El camión es el mismo y tarda lo mismo que antes en vaciar contenedores, pero la cuestión no es ésa. La cuestión es que la antigua calle de dos carriles ahora tiene sólo uno y a poco que se entretenga el del camión ya ha liado un atasco. Lo de la disminución del número de carriles es una de esas cosas del urbanismo táctico y las calles pintadas de colorines, ya saben. En cuanto a la nueva ubicación de los contenedores, está calculada con mucho cuidado. No podrían haber escogido mejor lugar para estorbar la visión de los peatones que quieren cruzar la calle, pues impiden ver hacia el lado por el que se te van a echar encima los ciclistas y los automóviles. Premio.
En cuanto a los contenedores mismos, tenemos que reconocer un gran avance. Antes, pisabas un pedal y la tapa del contenedor se abría, como una enorme boca. Un prodigio de la mecánica. Aunque, si eras bajito o la bolsa de basura pesaba mucho, echarla ahí adentro suponía un esfuerzo. Ahora, en cambio, pisas el pedal y no pasa nada. Nada quiere decir nada. No se abre. Tú pisas el pedal y silencio administrativo. Es todo tan moderno que me supera.
Ante tantas moderneces y faltos de instrucción, algunos usuarios optan por el método clásico y abren la pequeña tapa a pulso, después de encontrar un asa muy bien disimulada. Suelen llevarse una desilusión, porque descubren una obertura de reducidas dimensiones que comunica con un interior lleno a rebosar. No sólo tienen que levantar la bolsa de basura hasta el orificio, sino que, además, tienen que empujarla hacia adentro. Pero parte del público ha comprendido las intenciones de los diseñadores del nuevo sistema y opta por seguir su propuesta: simplemente, deja las bolsas de basura alrededor del contenedor, no dentro, ahorrándose frustraciones y esfuerzos.

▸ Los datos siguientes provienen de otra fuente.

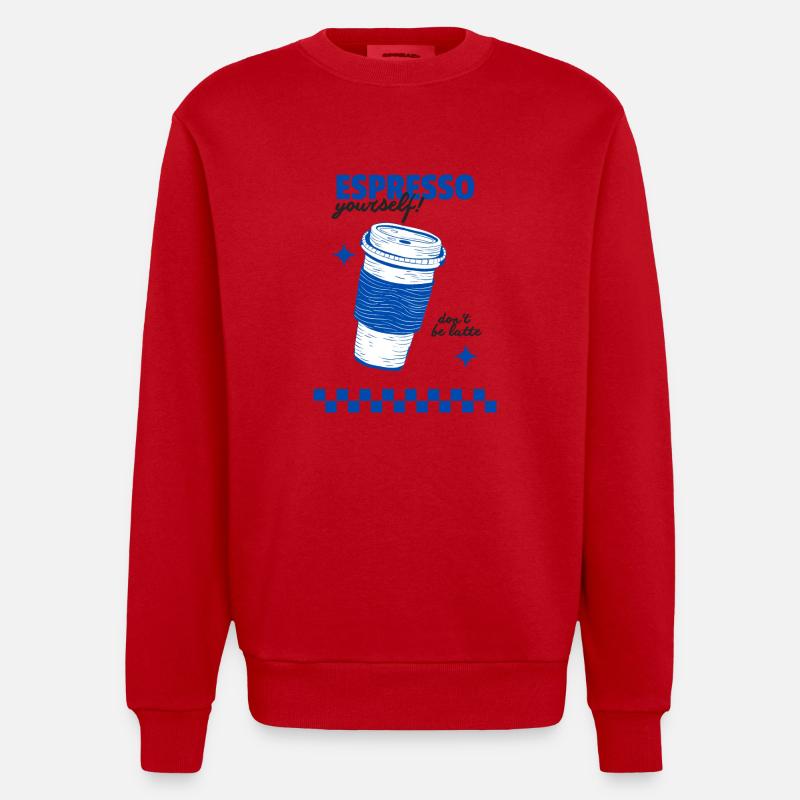Espresso vous-même - Sweat bio épais oversize fabriqué en UE - rouge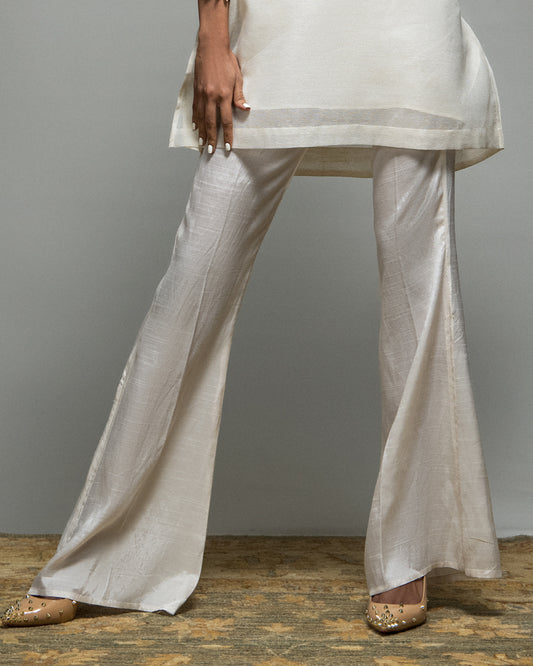 Silk Off White Bell Pants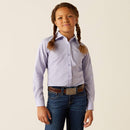 Girls Ariat Long Sleeve shirt in Sweet Lavender Stripe. This shirt has stretch and is wrinkle resistant. Front view showing shirt tucked in. 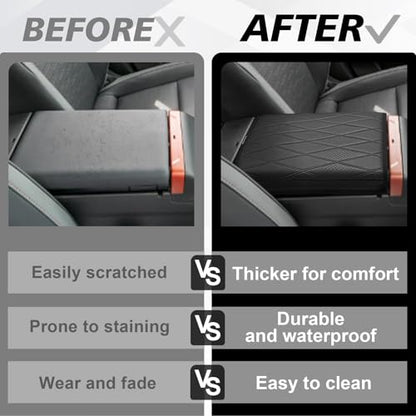 Muslogy Center Console Armrest Cover Compatible with 2026 Toyota RAV4 Accessories Comfort Armrest Pad Arm Rest Cushion Vegan Leather Protector Regular Thick(V2 Diamond Pattern) - size: 26 |RAV4| V2 Diamond Pattern, Regular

Mientras medito sobre las maravillas de las nuevas estrategias más sostenibles y bla, bla, bla del tratamiento de residuos, antes recogida de basuras, leo con gran placer que abre una nueva biblioteca en Barcelona, que han bautizado Gabriel García Márquez, en la calle Concili de Trento, en Sant Martí. El edificio es espectacular y la noticia, excelente. Porque, a ver, si de algo podemos presumir en Barcelona es de bibliotecas. Con todos sus defectos y deficiencias, con un presupuesto justito en el mejor de los casos, las bibliotecas de Barcelona son un equipamiento ciudadano del que podemos presumir y un centro de actividades culturales. Son hijas de una larga tradición bibliotecaria de la Diputación de Barcelona, en la que colaboran el Ayuntamiento y fundaciones privadas.

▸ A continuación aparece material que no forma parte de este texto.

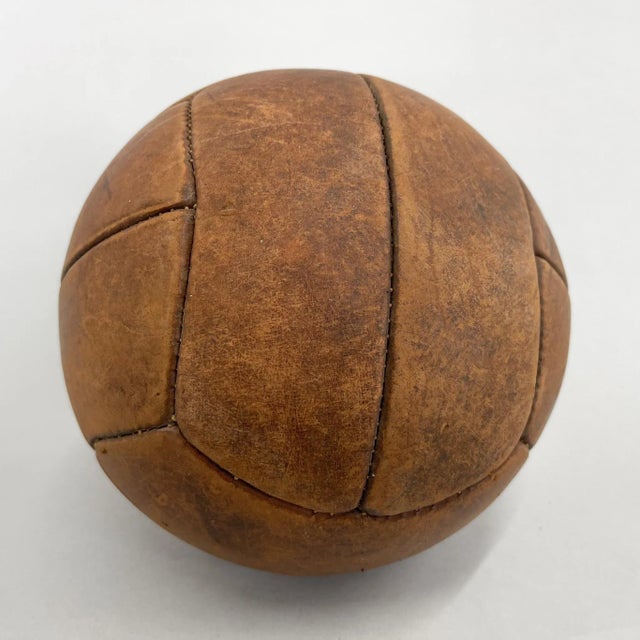 Animal Skin Vintage Brown Leather Medicine Ball, 1930s For Sale - Image 7 of 8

Pero no faltan cretinos que se preguntan por qué ponerle el nombre de Gabriel García Márquez y no el nombre de algún autor catalán. Ay, Señor, qué pesados que son, por favor, qué pesados. ¡Vale ya! Si alguien merece el nombre de una biblioteca en Barcelona es él, uno de los protagonistas del boom de la literatura latinoamericana que tuvo a nuestra ciudad como protagonista. En tiempos de opresión de verdad, no de mentirijillas, Barcelona se las apañó para hacerse con un lugar de privilegio en la literatura occidental gracias a una intensa y muy productiva vida literaria en la que convivían juergas, licores, editores, agentes, escritores, poetas, lenguas y libros, alimentándose todos mutuamente de ideas innovadoras. Todavía vivimos de las rentas de esos años de oro y algunos los envidiamos, al comprobar cómo los talibanes de las lenguas las emplean hoy para enquistarse en sí mismos y apartar a los demás.